◆ Work instruction ◆
Without the pictures, set down exactly the lines from the one that contains "May include: Two" to the end of the entries, both included, and nothing besides.

[Start of Attachment]

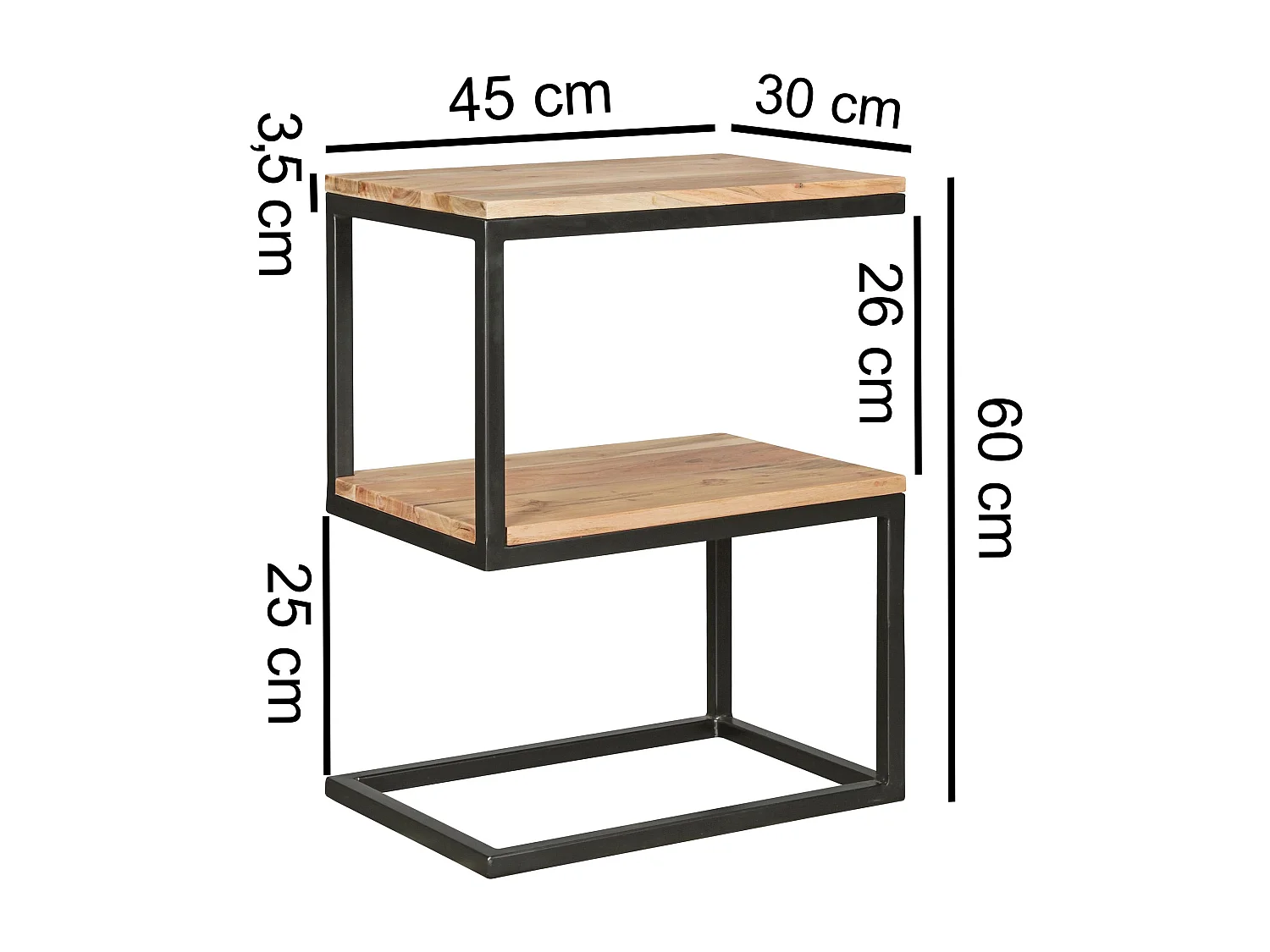 tafel AKOLA S-vorm massief hout acacia / metaal 45 x 60
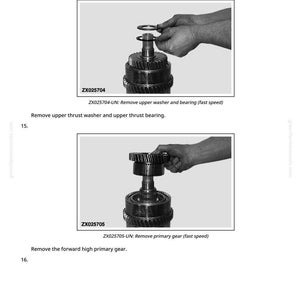 May include: Two grayscale images from a manual showing automotive parts. The first image shows a person removing a washer and bearing from a gear assembly. The second image shows a person removing a primary gear from a gear assembly. Text on the images includes "ZX025704" and "ZX025705".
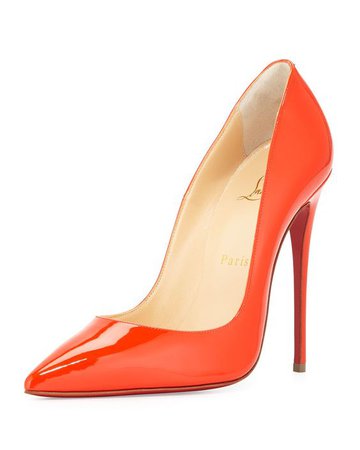 Christian Louboutin So Kate Patent 120mm Red Sole Pump in Orange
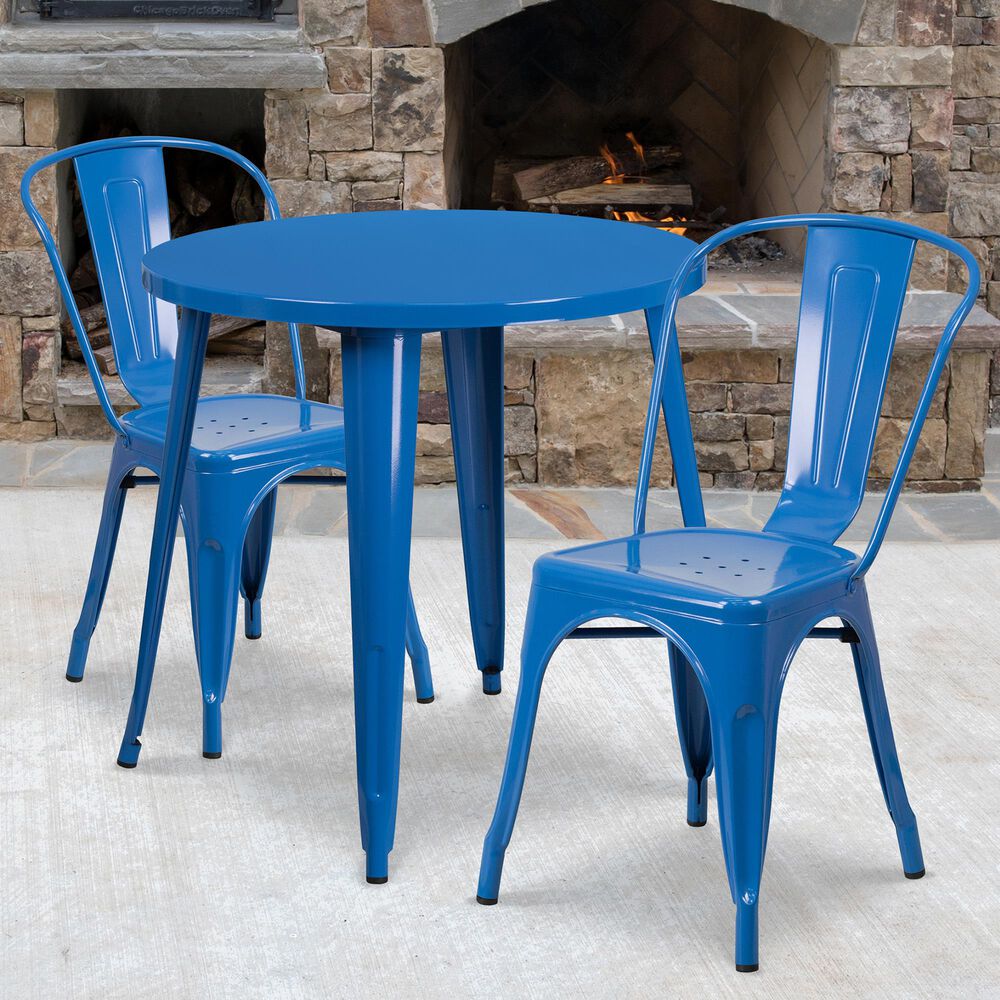 Flash Furniture 3-Piece Metal Table Set in Blue, , large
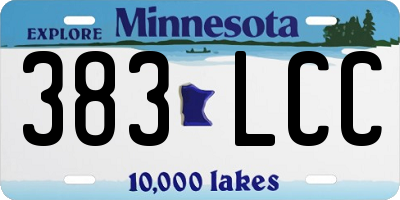 MN license plate 383LCC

[End of Attachment]

◆ Result of this exercise ◆
 May include: Two grayscale images from a manual showing automotive parts. The first image shows a person removing a washer and bearing from a gear assembly. The second image shows a person removing a primary gear from a gear assembly. Text on the images includes "ZX025704" and "ZX025705".
 Christian Louboutin So Kate Patent 120mm Red Sole Pump in Orange
 Flash Furniture 3-Piece Metal Table Set in Blue, , large
 MN license plate 383LCC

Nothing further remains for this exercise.